Repeat exactly the lines of the material below that run from the "Please Do Not" line to the "Розетка USB/3.5мм аудио, полярная" line, including both, and do not carry over any pictures.

Entries provided Block Start

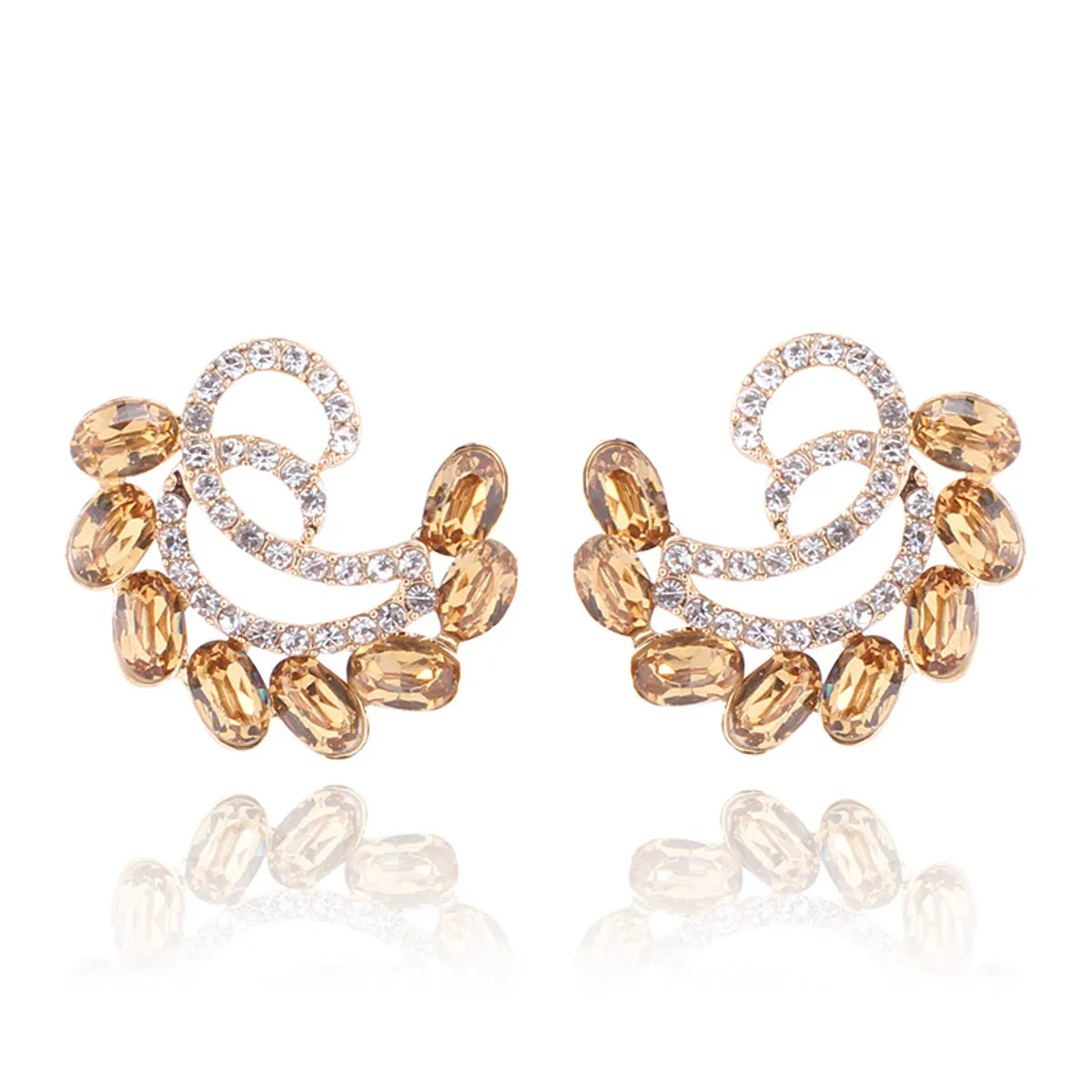 1 Pair Simple Style Water Droplets Plating Inlay Alloy Zircon Gold Plated Ear Studs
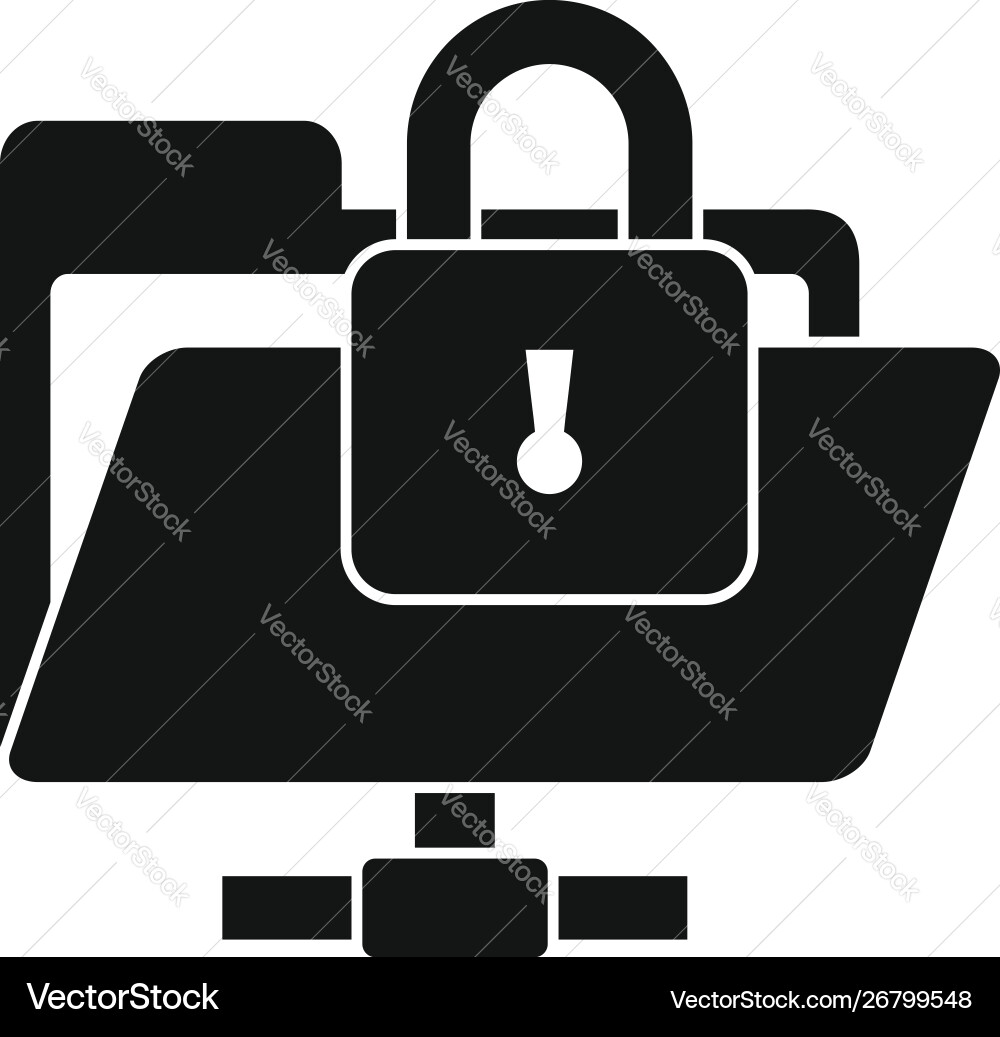Secured folder icon simple style Secured folder icon simple style vector image
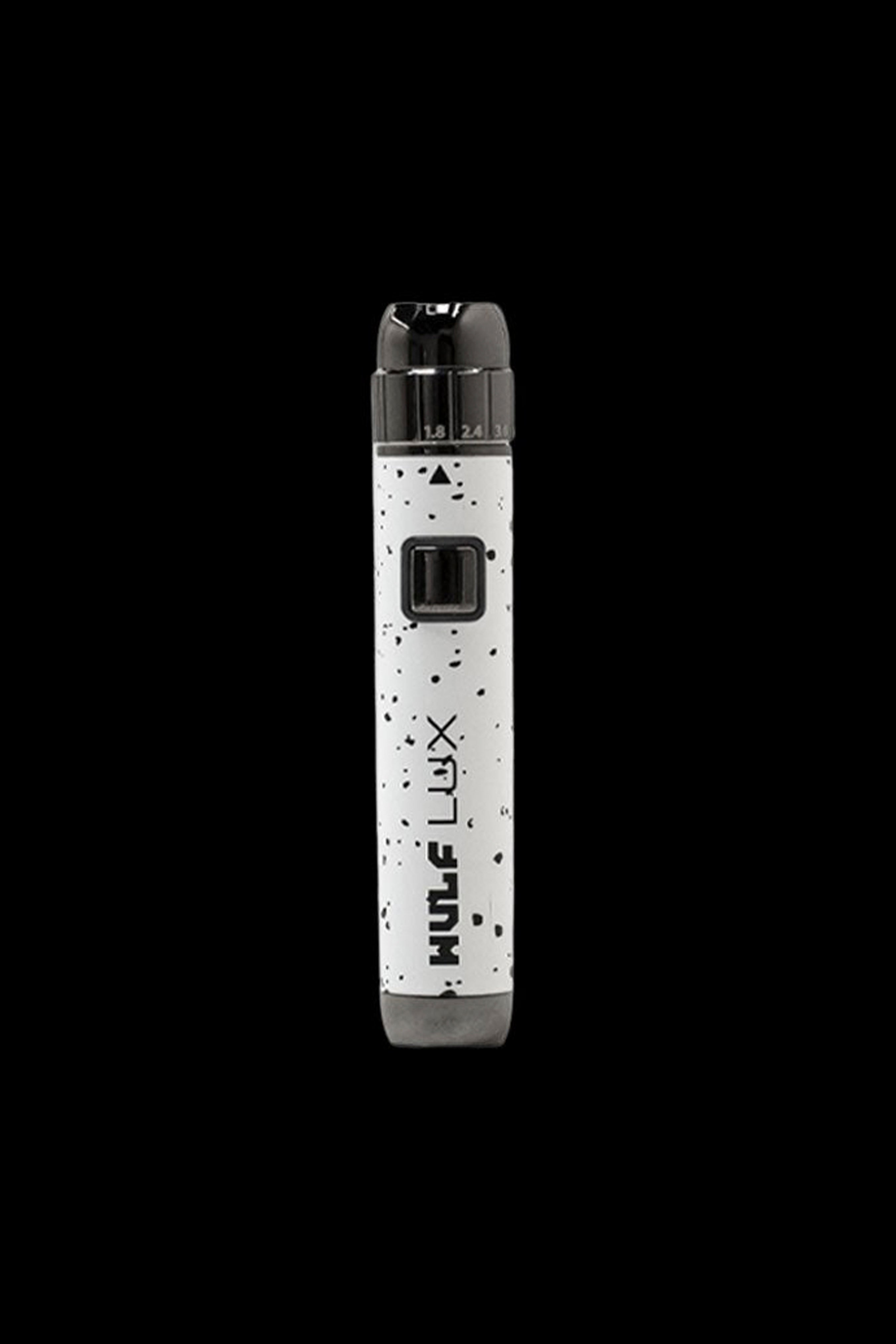White and black cannabis vape pen with a clear cartridge displaying fill lines.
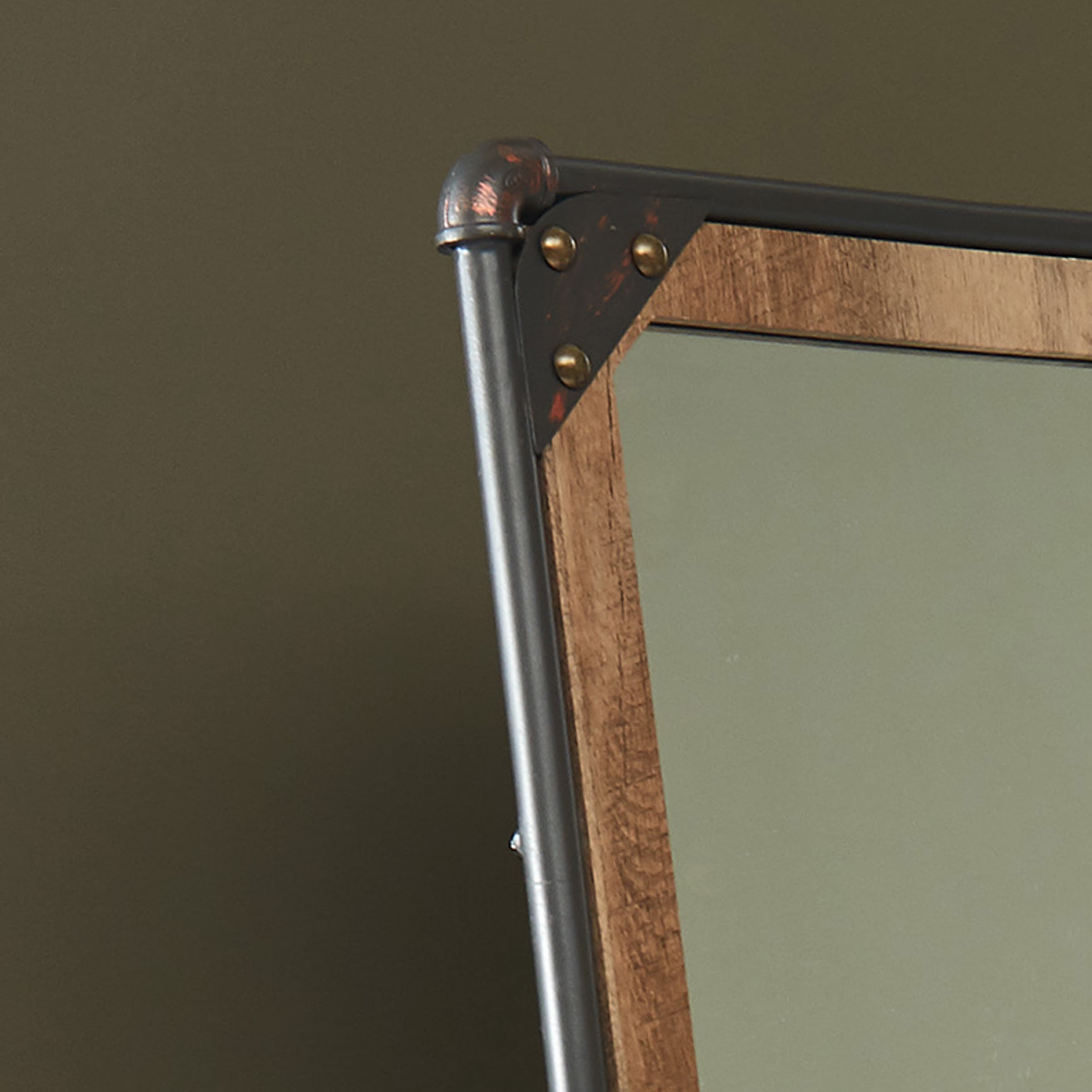 Furniture of America Asher Metal 68-in Standing Mirror, Sand Black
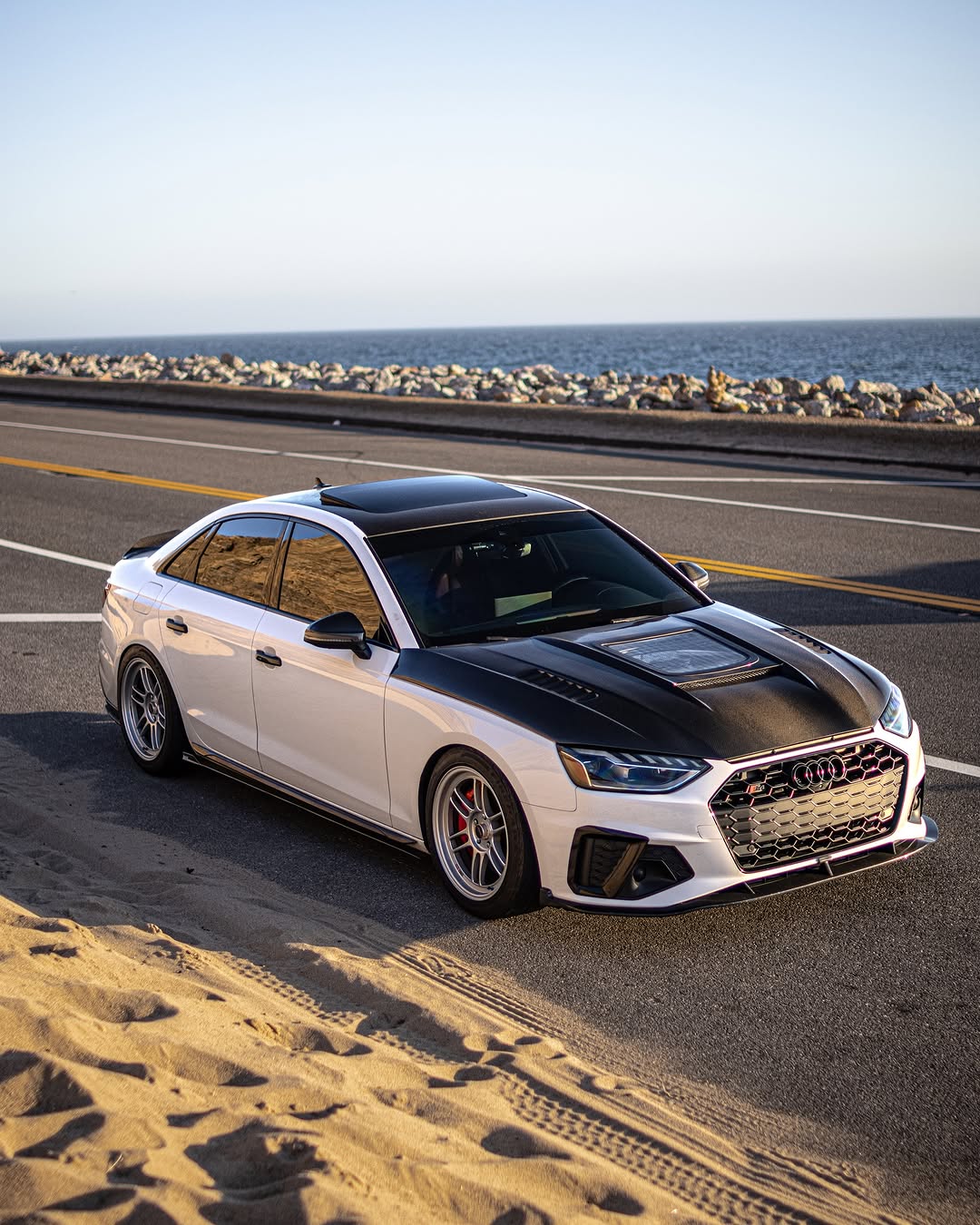 Audi S4 A4 S-line (with s-line bumper, does not fit base model) B9.5 2020-ON with Aftermarket Parts - Front Lip Pre-preg Carbon Fiber from Karbel Carbon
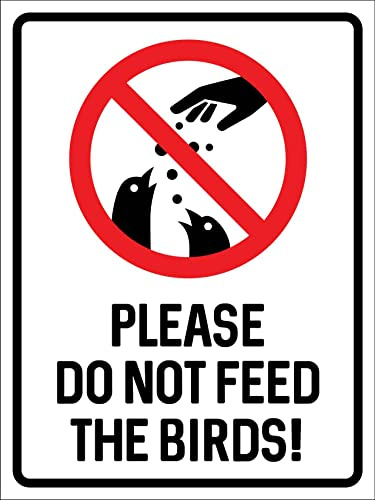 Please Do Not Feed The Birds Symbol Warning Sign Hanging Wall Plaque Metal Poster Plaque Tin For Garage Cafe Garden Bar Pub M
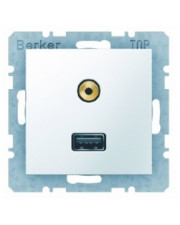 Розетка USB/3.5мм аудио, полярная белизна Berker S.1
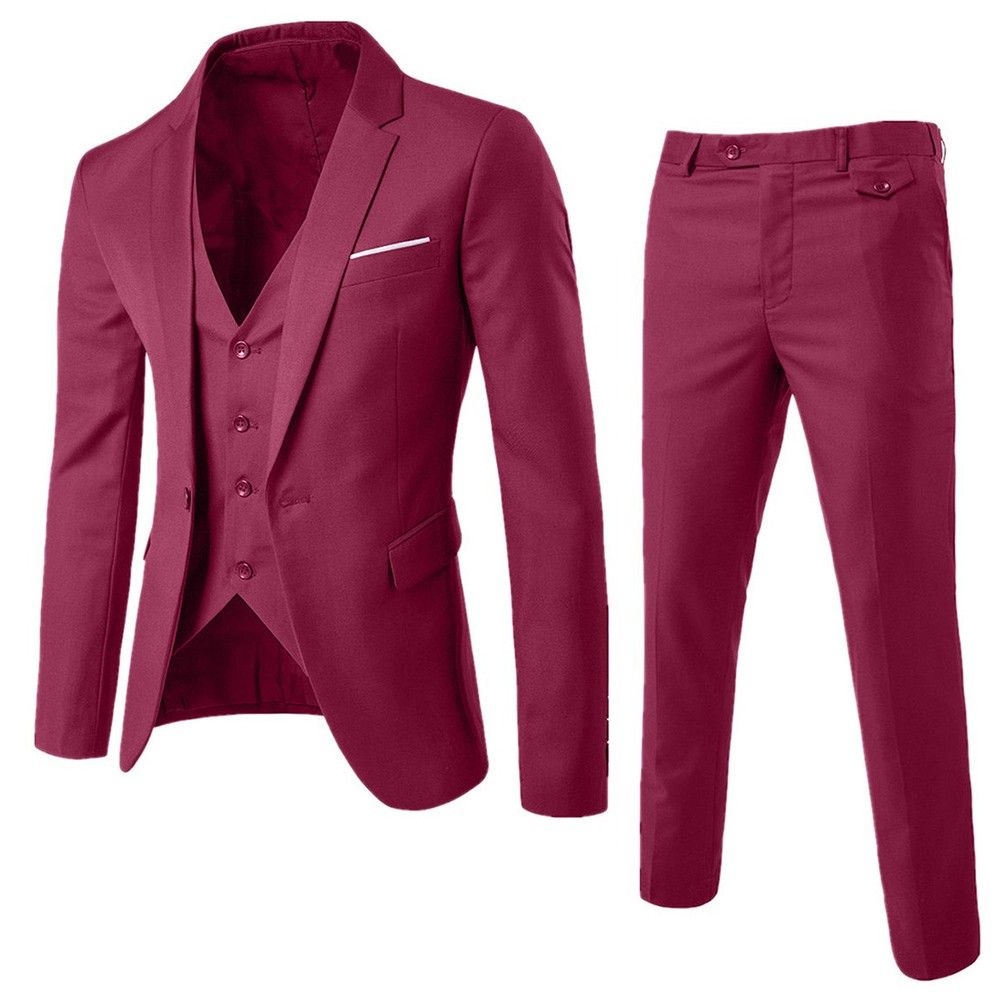 (Gray)Male Suit Sets Slim 3-piece Suit Business Formal Wedding Suits For Men Party Jacket Two Piece Pants Men Clothes Droshipping RA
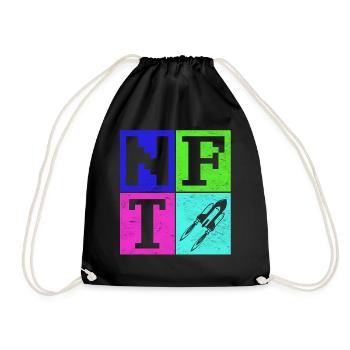Crypto Art Lover Sign Non Fungible Token NFT - Drawstring Bag - black - Front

Entries provided Block End

▶ _Solution for this problem_:
 Please Do Not Feed The Birds Symbol Warning Sign Hanging Wall Plaque Metal Poster Plaque Tin For Garage Cafe Garden Bar Pub M
 Розетка USB/3.5мм аудио, полярная белизна Berker S.1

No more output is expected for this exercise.